BACKGROUND: Co-occurring alcohol, substance, and mood-related (CASM) conditions are prevalent, mutually reinforcing, and under-diagnosed contributors to morbidity, mortality, and health disparities.
OBJECTIVE: To evaluate screening strategies leveraging the predictive value arising from patterns of CASM co-occurrence in populations with high CASM prevalence.
DESIGN: Individual-based health risks model validated to predict US life expectancy and causes of death by sex and age decile, including CASM conditions of depression, anxiety, chronic pain, and unhealthy alcohol, tobacco, opioid and stimulant use. The model includes CASM co-occurrence patterns, mutual reinforcement across CASM conditions, and reduced engagement in other preventative care due to CASM.

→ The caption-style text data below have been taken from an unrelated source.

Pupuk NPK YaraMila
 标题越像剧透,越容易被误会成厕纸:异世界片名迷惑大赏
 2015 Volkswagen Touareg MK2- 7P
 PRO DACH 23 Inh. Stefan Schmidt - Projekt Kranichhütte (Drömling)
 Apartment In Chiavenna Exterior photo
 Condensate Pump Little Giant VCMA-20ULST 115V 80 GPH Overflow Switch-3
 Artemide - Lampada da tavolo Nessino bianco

PARTICIPANTS: Veterans Aging Cohort Study (VACS), a large longitudinal cohort of in-care US veterans.
INTERVENTIONS: (1) Screening alcohol, tobacco, and/or depression symptoms; (2) adding further screening of CASM conditions likely to co-occur with those screened positive, with variation in the minimum co-occurrence rate; (3) screening all CASM conditions (hypothetical maximum).
MAIN MEASURES: Estimated life expectancy (LE) and quality-adjusted life-years (QALYs).
KEY RESULTS: The maximum strategy added 0.52 years to estimated LE (95% CI: 0.51 – 0.54) and 0.68 QALYs/person (95% CI: 0.67 – 0.69). Screening individual CASM conditions added a small fraction of this benefit, the largest LE gain from tobacco screening: 0.08 years (95% CI: 0.07 – 0.09). Screening for depression, alcohol, and tobacco provided 34.6% of the maximum strategy’s LE gain (0.19 years, 95% CI: 0.17 – 0.20). Additionally screening conditions with moderate (= 20%) probability of co-occurring with those already screened positive provided 84.8% of the maximum strategy’s LE gain. Screening all CASM conditions if depression, alcohol, and/or tobacco screened positive provided 86.6% of the maximum strategy’s LE gain.
CONCLUSIONS: Compared to common practice of screening one or few CASM conditions, large health benefits are possible by further assessing CASM conditions most likely to co-occur with those already screening positive, improving health without increasing up-front screening burden in populations with high CASM prevalence.
Health benefits of screening for co-occurring alcohol-, substance-, and mood-related conditions for at-risk populations: A mathematical modeling study
Journal of General Internal Medicine [Epub 2026 Feb 25]. doi: 10.1007/s11606-026-10236-6.